Jamaica sees increase Russia tourists

KINGSTON – The Ministry of Tourism is reporting an increase in arrivals from Russia.

According to Senior Advisor and Strategist, Delano Seiveright, just under 3 000 Russian tourists visited the island between January and the end of June compared to roughly 630 for the same period in 2018.

“Much of this is attributable to new, regular nonstop flights between Moscow, Russia and Montego Bay by PegasTouristik/Nordwind, which commenced service on October 26 last year,” he noted.

Seiveright told the Jamaica Information Service, following a meeting with Russian and other European tourism stakeholders at the Jamaica Product Exchange trade show at the Montego Bay Convention Centre, earlier this week.

He noted that the Ministry has made a conscious effort to target the Eastern European market.

“There was a time when our marketing was restricted to just the United Kingdom (UK) and a few other countries in Western Europe. The Eastern bloc was basically ignored and appeared impossible and off limits,” he said.

He noted that in September of 2018, the Governments of Jamaica and Russia signed a reciprocal agreement to waive the visa requirement for travel to their respective countries, spending up to 90 days per year for tourism, cultural exchange or business purposes.

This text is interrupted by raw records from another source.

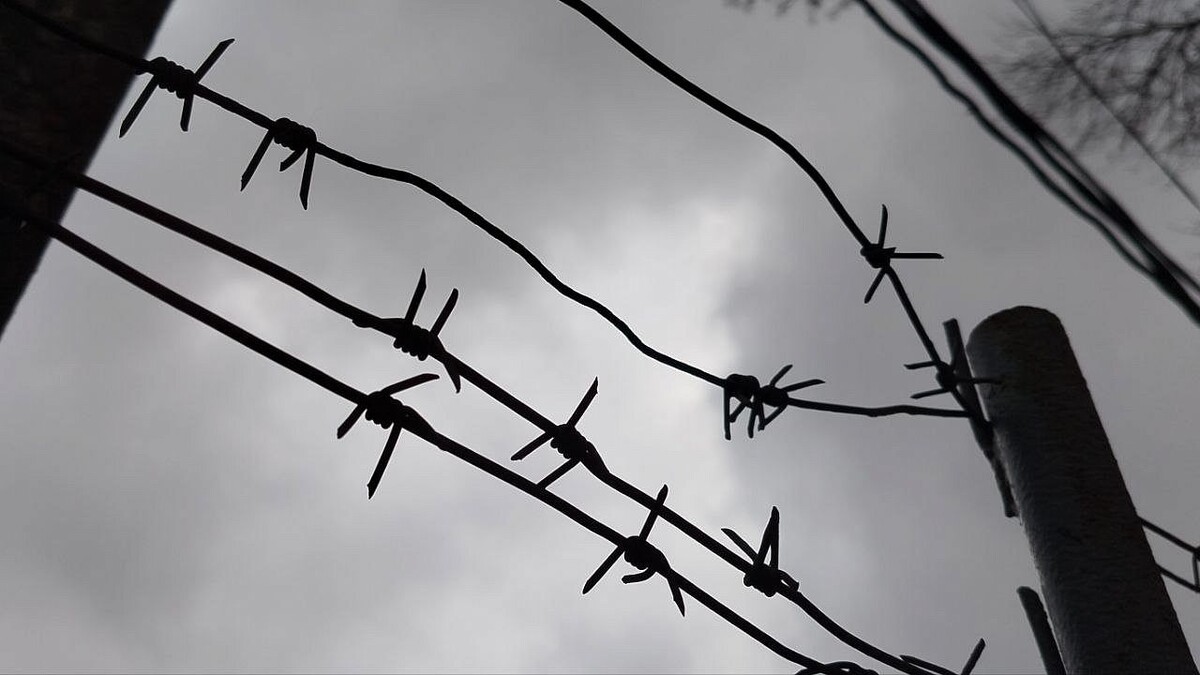    Фото: телеканал «Краснодар»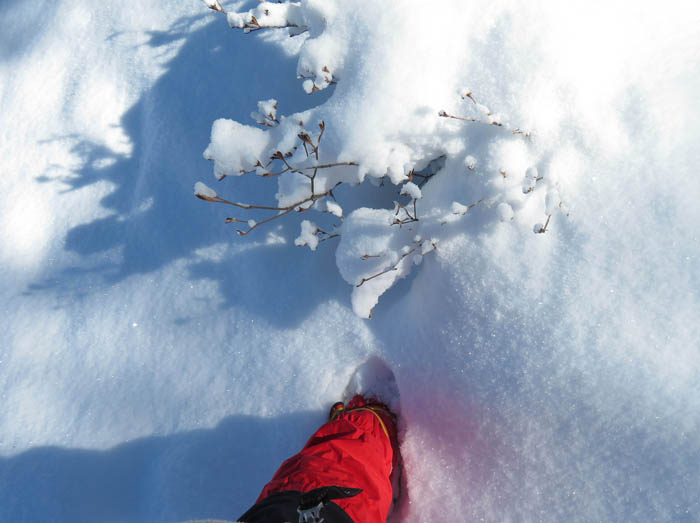 photo：足が雪に潜る：地附山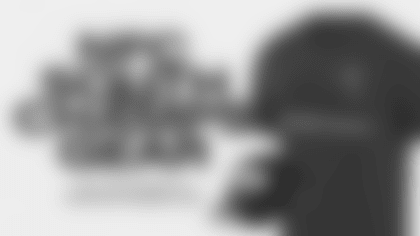 NFC SOUTH CHAMPS GEAR_Web Article_16x9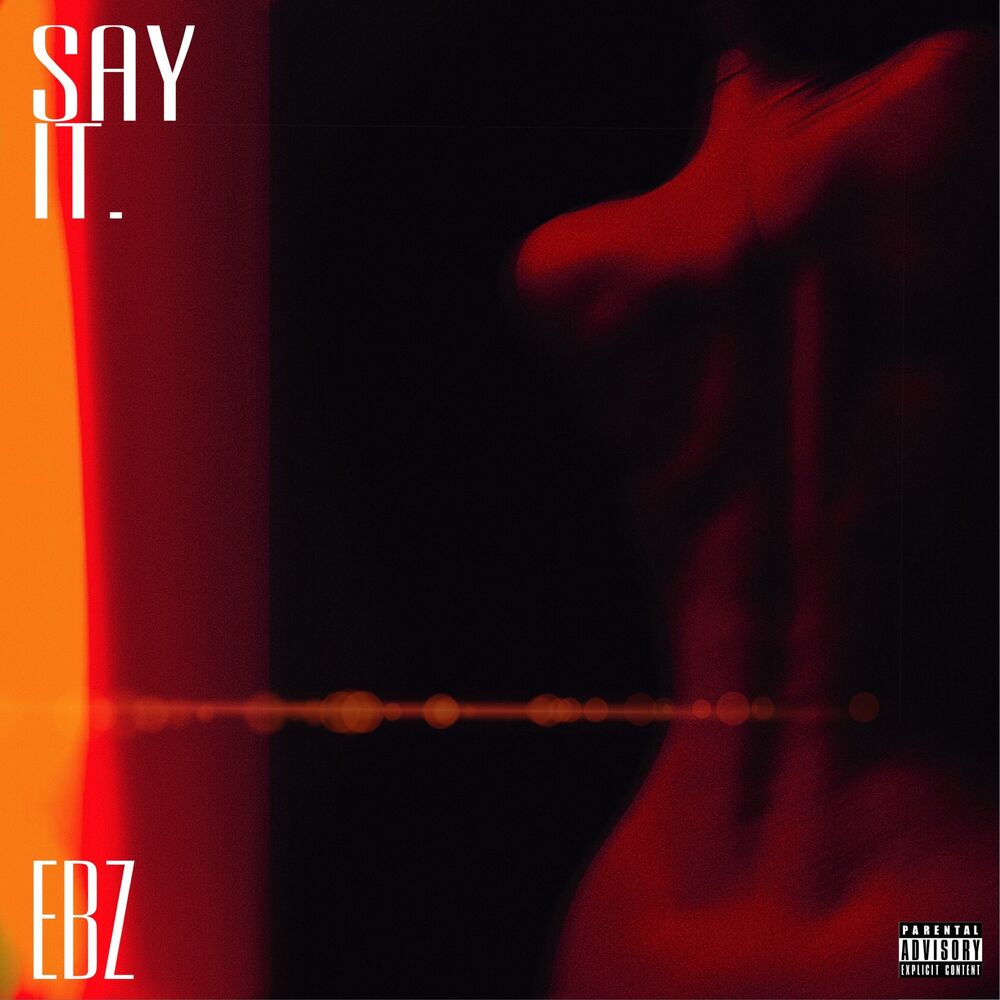 Picture of Say It.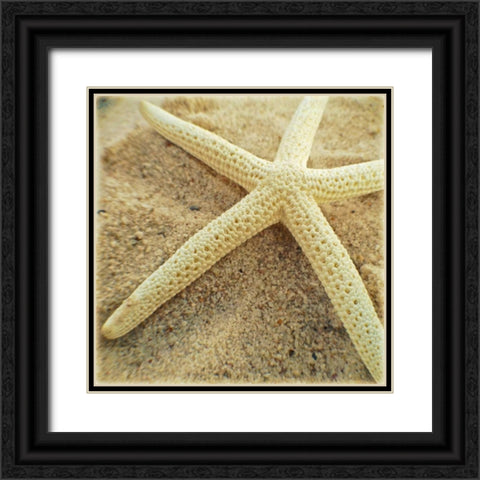 Starfish Black Ornate Wood Framed Art Print with Double Matting by Saghini, Lisa Hill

Minister of Foreign Affairs and Foreign Trade, Kamina Johnson Smith; and Minister of Foreign Affairs of the Russian Federation, Sergei Lavrov, signed the agreement on the margins of the 73rd session of the United Nations General Assembly in New York.

In the meantime, Chilean Tour Operator, Teo Perez, says Jamaica continues to be a prime destination for tourists from Latin American countries.

“We have been selling Jamaica for the past ten years and every day we see the numbers going up,” he noted.

“We have clients flying out from Santiago to Panama and then into Montego Bay daily, plus other flights going through Miami into Kingston. This trend is showing no signs of slowing down and Jamaica’s arrival figures will only continue to increase,” he said.